### SUPPLIED RECORDS
|---|

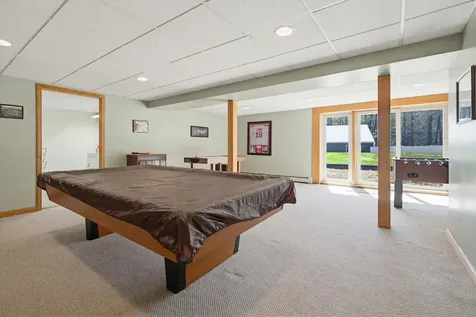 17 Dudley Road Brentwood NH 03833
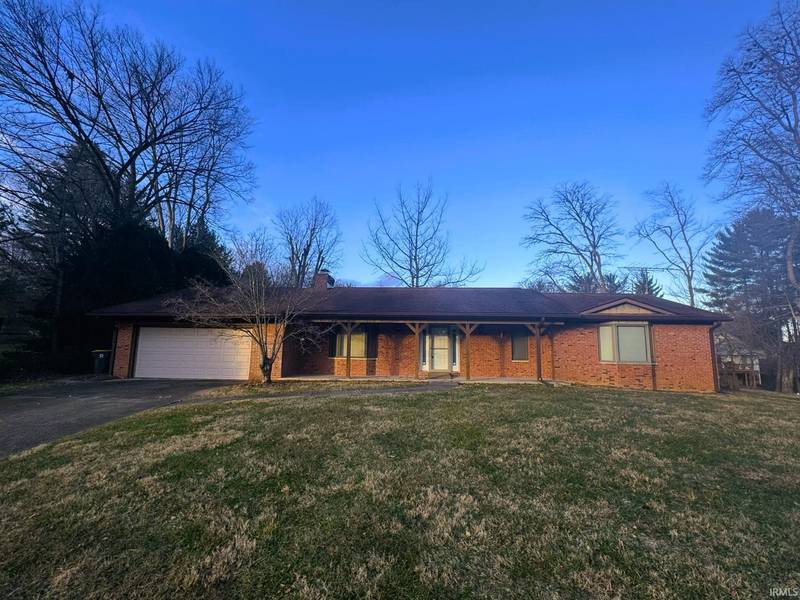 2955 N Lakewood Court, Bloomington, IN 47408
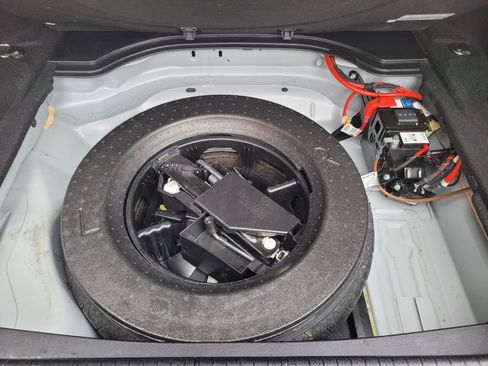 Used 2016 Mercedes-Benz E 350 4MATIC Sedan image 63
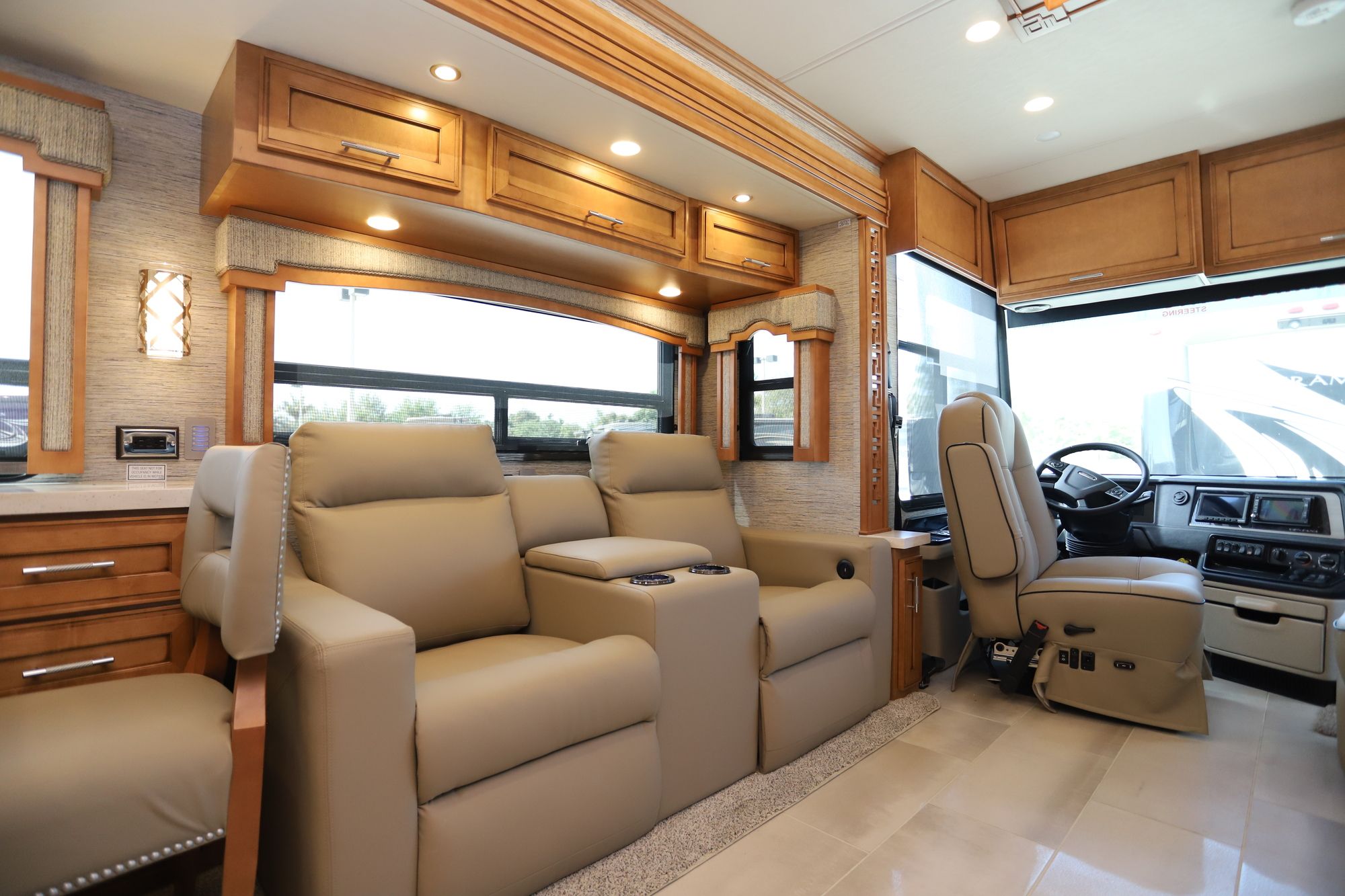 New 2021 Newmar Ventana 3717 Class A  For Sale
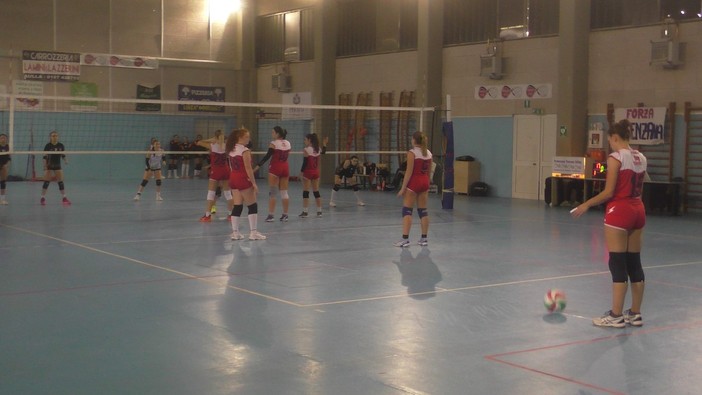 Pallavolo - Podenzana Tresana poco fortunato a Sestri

|---|

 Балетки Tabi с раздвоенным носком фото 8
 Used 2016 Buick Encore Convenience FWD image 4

|---|

### WHAT NEEDS TO BE DONE
From the records above, transcribe exactly the lines starting at the one containing "Used 2016 Mercedes-Benz" and ending at the one containing "Pallavolo - Podenzana". Skip the pictures.

### TASK RESPONSE
 Used 2016 Mercedes-Benz E 350 4MATIC Sedan image 63
 New 2021 Newmar Ventana 3717 Class A  For Sale
 Pallavolo - Podenzana Tresana poco fortunato a Sestri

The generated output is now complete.